For these final results, we have recalculated credit expense and used a price net of taxes for the basis of the recalculation. See Final Analysis Memorandum of March 9, 1998.

With respect to the selection of interest rates for use in calculating credit expense, the Department agrees with petitioners that the nominal rate should be used. The Department does not have information on the record of this proceeding with respect to nominal rates for each week of the POR. However, such information was not requested by the Department. Accordingly, on the basis of the facts available, we are using the weekly nominal rates for the weeks for which such information is on the record. For all other weeks, we are using the simple average of the available weekly nominal rates. Because the Department finds that USIMINAS/COSIPA has acted to the best of its ability in providing information relating to credit expenses, we are not making an adverse inference. See Final Analysis Memorandum of March 9, 1998. Because we are eliminating the adjustments to the interest rate in question and instead are using the nominal rates, we have not used the ``taxa referential'' are suggested by petitioners.

Comment 5: The petitioners object to USIMINAS/COSIPA's use of all plate products, including non-subject merchandise, in calculating its home market inventory carrying costs.
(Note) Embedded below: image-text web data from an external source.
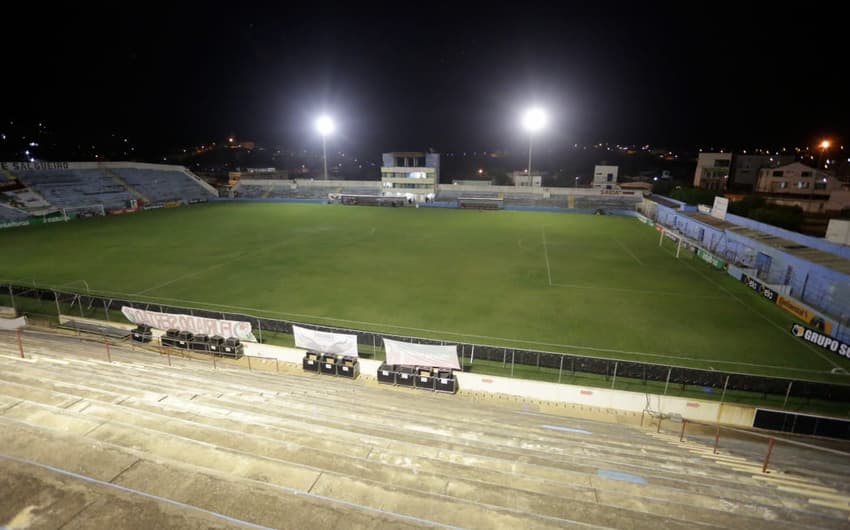 Estádio Cornélio de Barros, em Salgueiro - Climão Salgueiro x Corinthians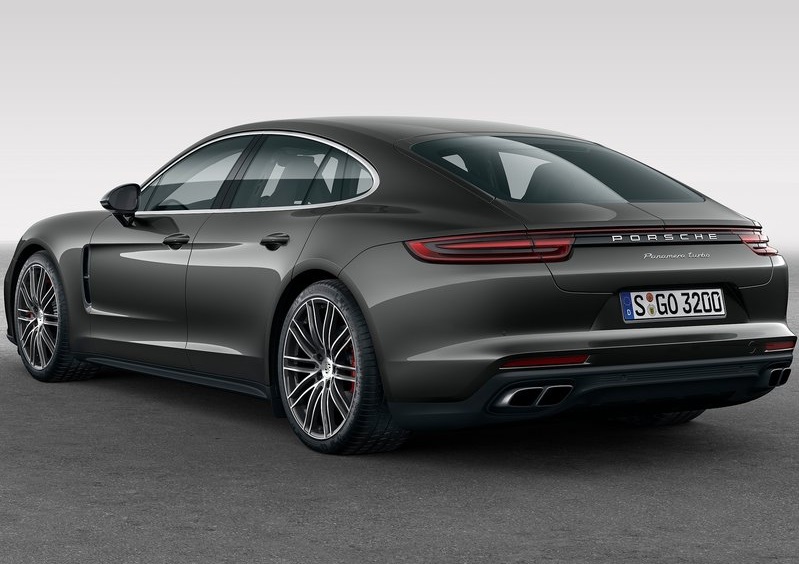 2017_porsche_panamera_pic-2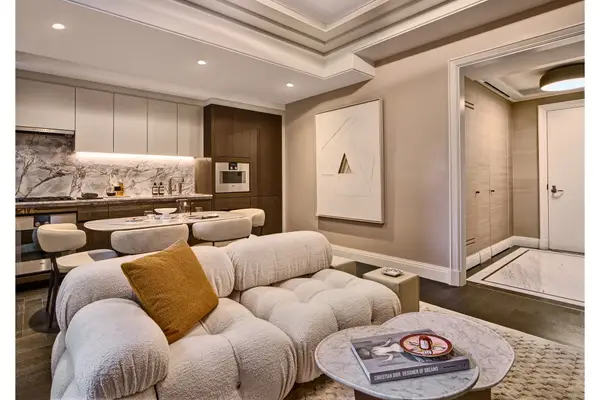 303 Park Avenue #2801, Manhattan, NY 10022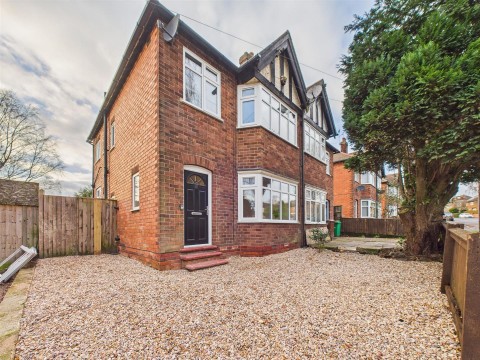 View Full Details for Glamis Road, Nottingham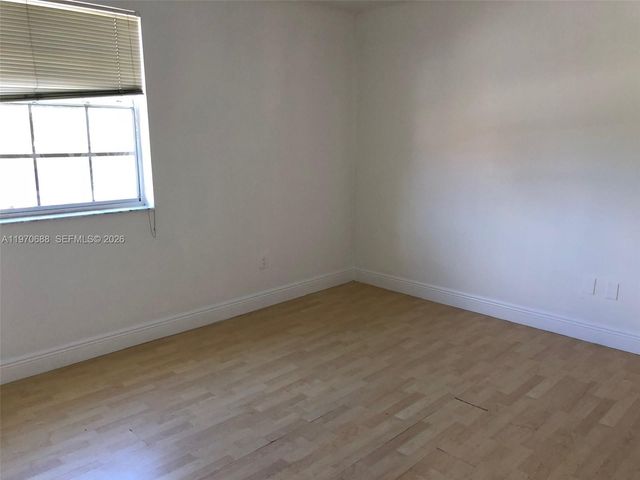 18336 NW 68th Ave I, Hialeah, FL 33015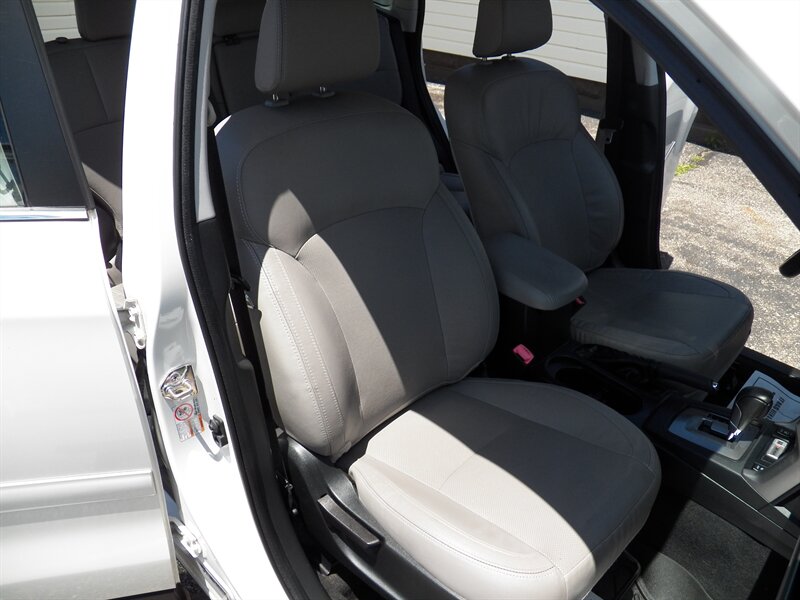 2018 Subaru Forester 2.5i Limited AWD - Photo 14 - Mishawaka, IN 46545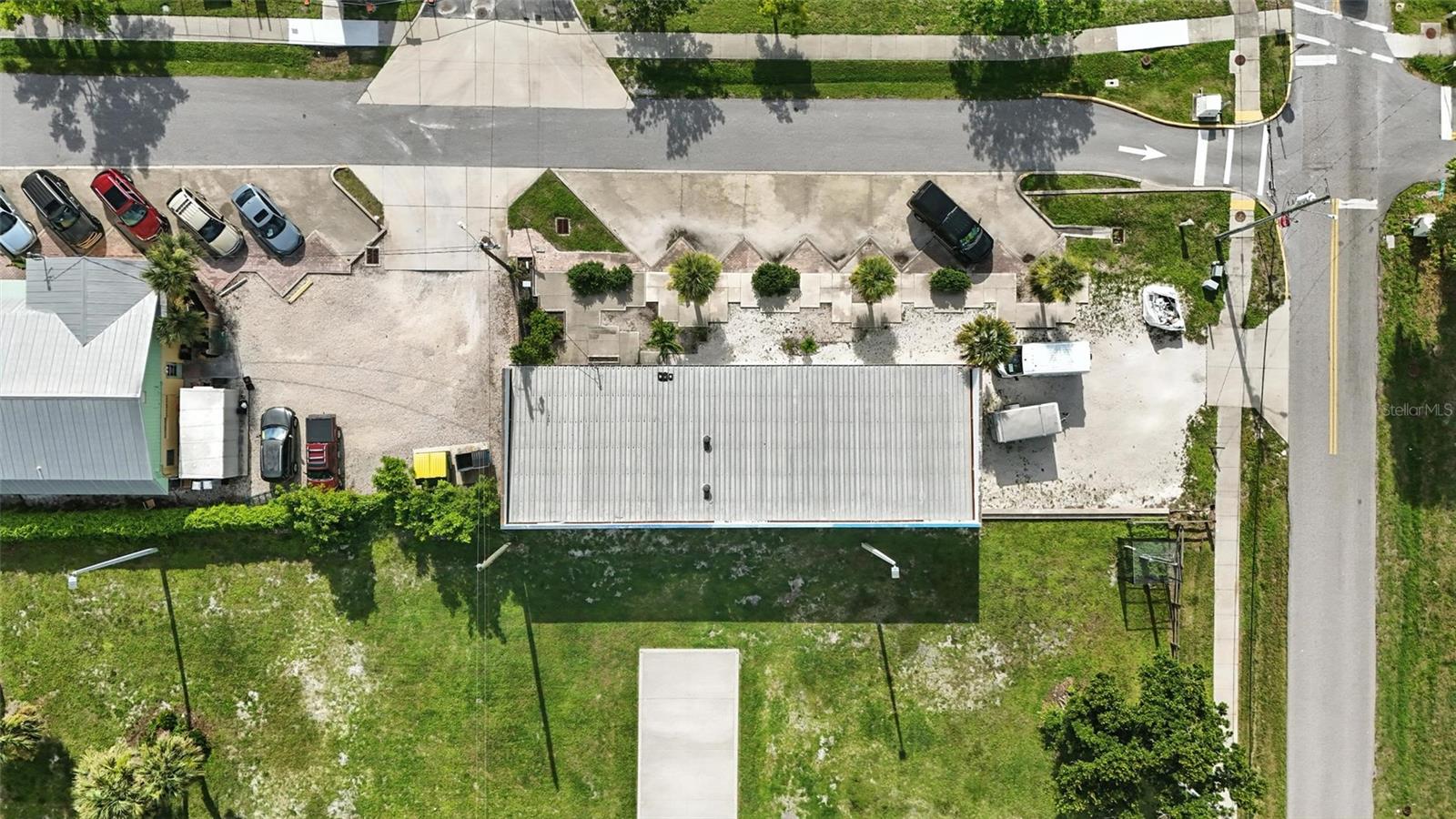 ENGLEWOOD - Commercial Sale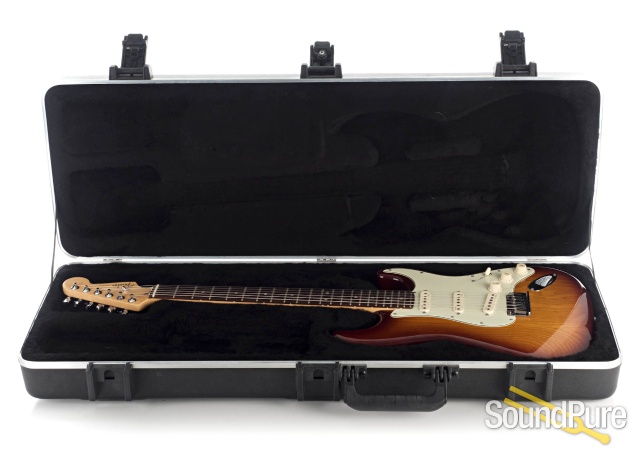 Fender Am Deluxe Ash Strat Cherry Sunburst #10051190 - Used — image 6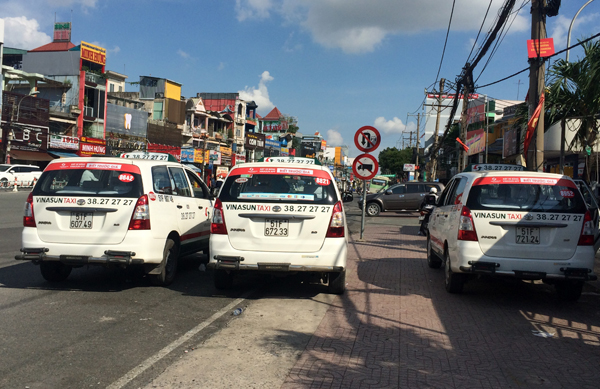 taxi-truyen-thong-dan-bieu-ngu-phan-phao-uber-grab-hiep-hoi-van-tai-ha-noi-noi-gi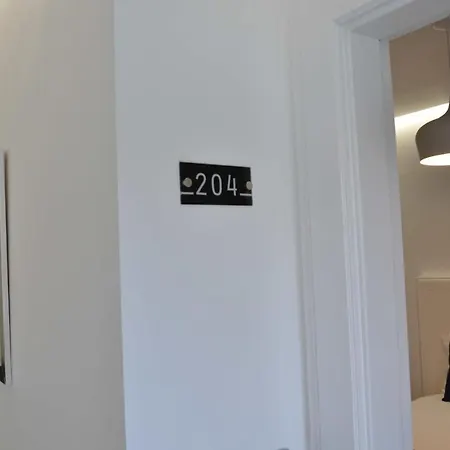 Edificio Charles 204 * فونشال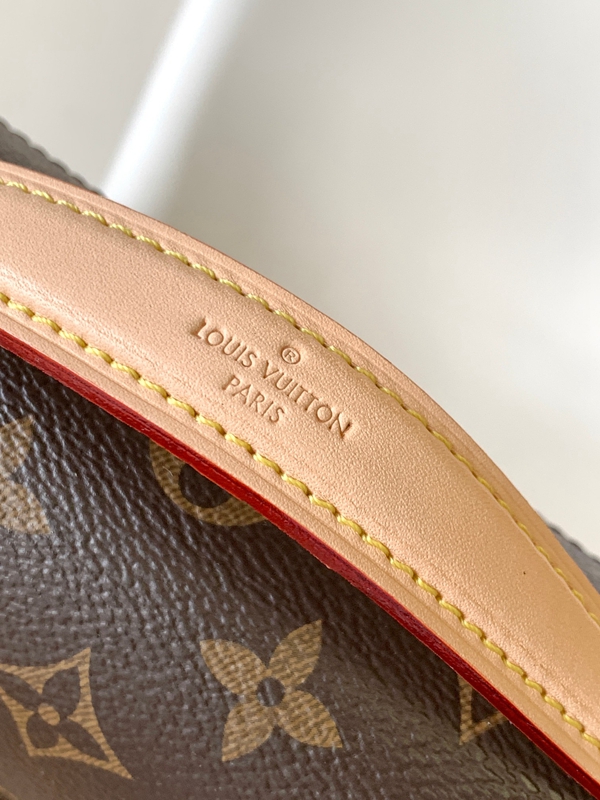 ルイヴィトンバッグ素材ディテール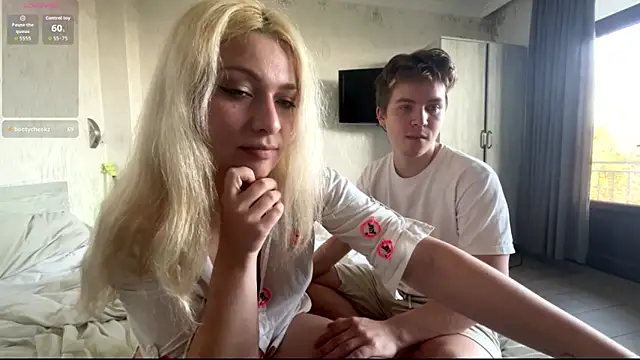 Hikki  online show from 11.05.25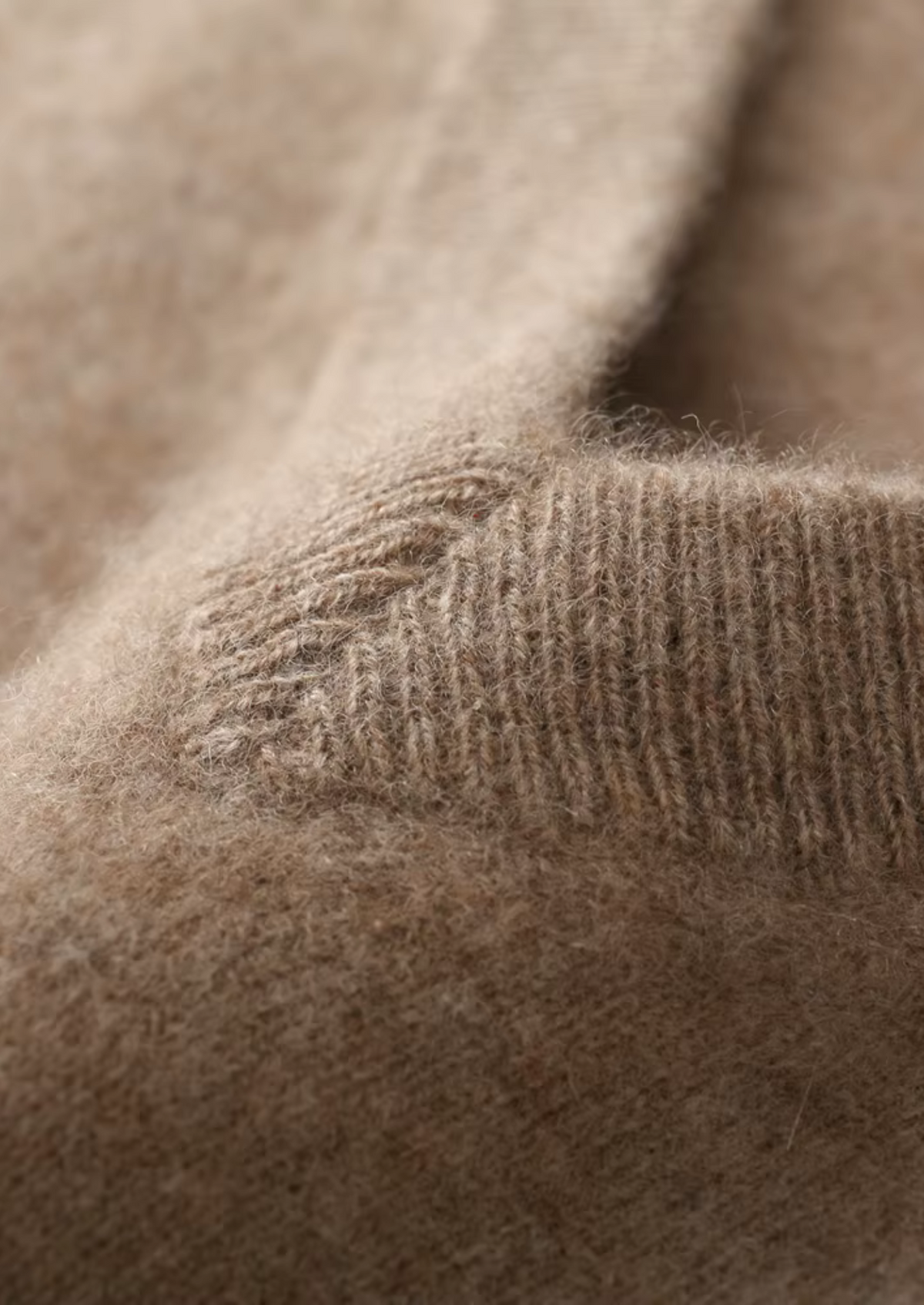 Pure Extra-Fine Merino Wool V-Neck Vest | Roccella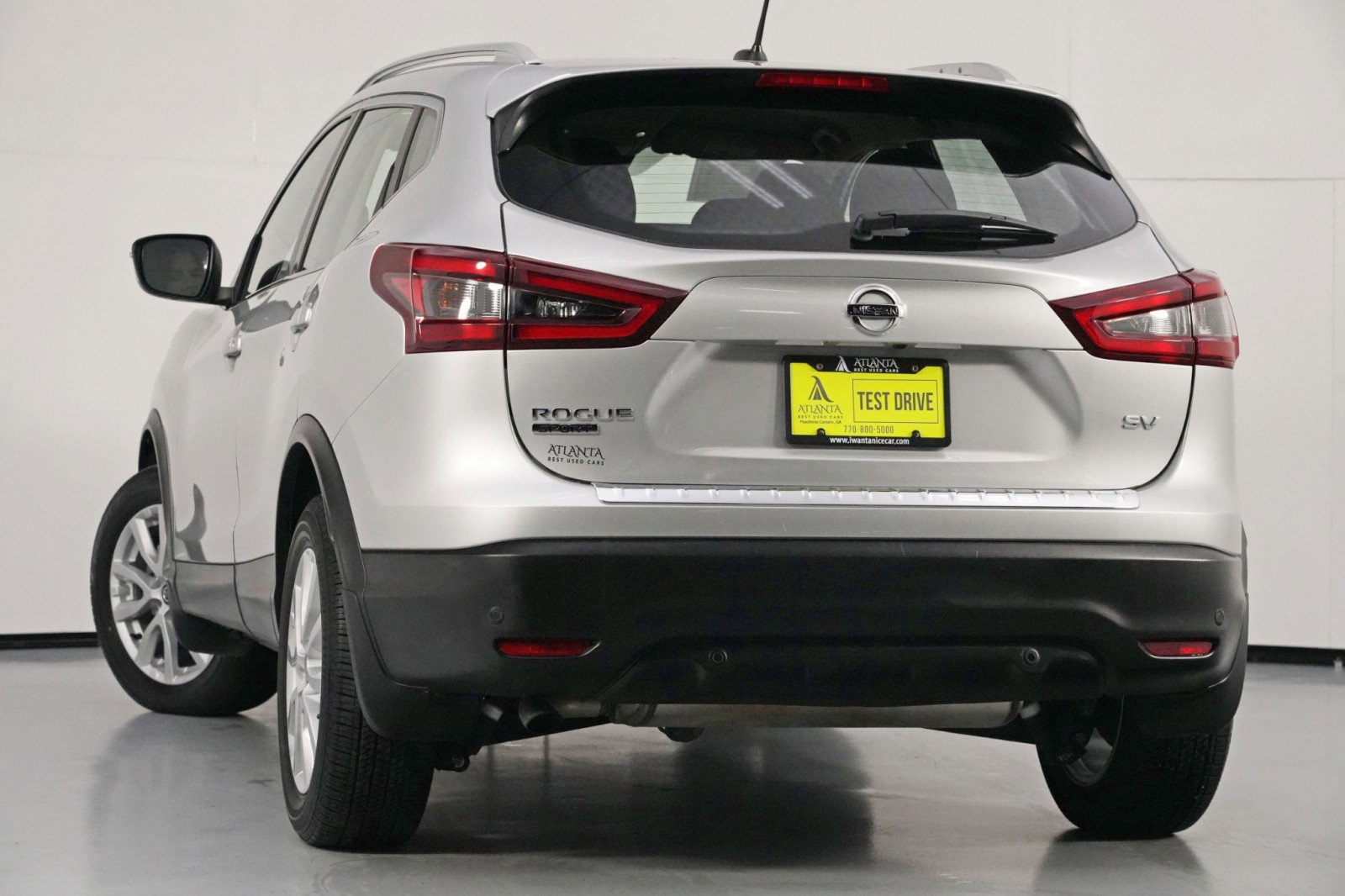 Used 2022 Nissan Rogue Sport SV image 5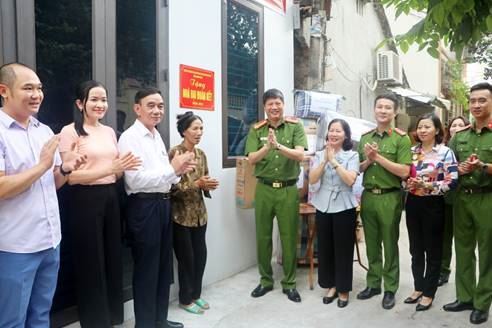 Thị xã Sơn Tây: Bàn giao nhà đại đoàn kết tại phường Quang Trung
The petitioners state that any inventory expenses associated with non-subject merchandise ``may not be used in calculating deductions of expenses from FMV for in-scope merchandise'' (NSK Ltd. v. United States, 896 F.Supp. 1236, 1272 (CIT, 1995) aff'd in relevant part 115 F. 3d 965, 973 (Fed. Cir. 1997). The petitioners conclude that if the respondent could not develop a viable method to separate inventory carrying costs of subject merchandise from non-subject merchandise, the Department must deny the adjustment altogether. Petitioners close by stating that if the Department decides to allow the inventory carrying cost adjustment, the Department should recalculate the cost using the ``taxa referential'' instead of the discount rate.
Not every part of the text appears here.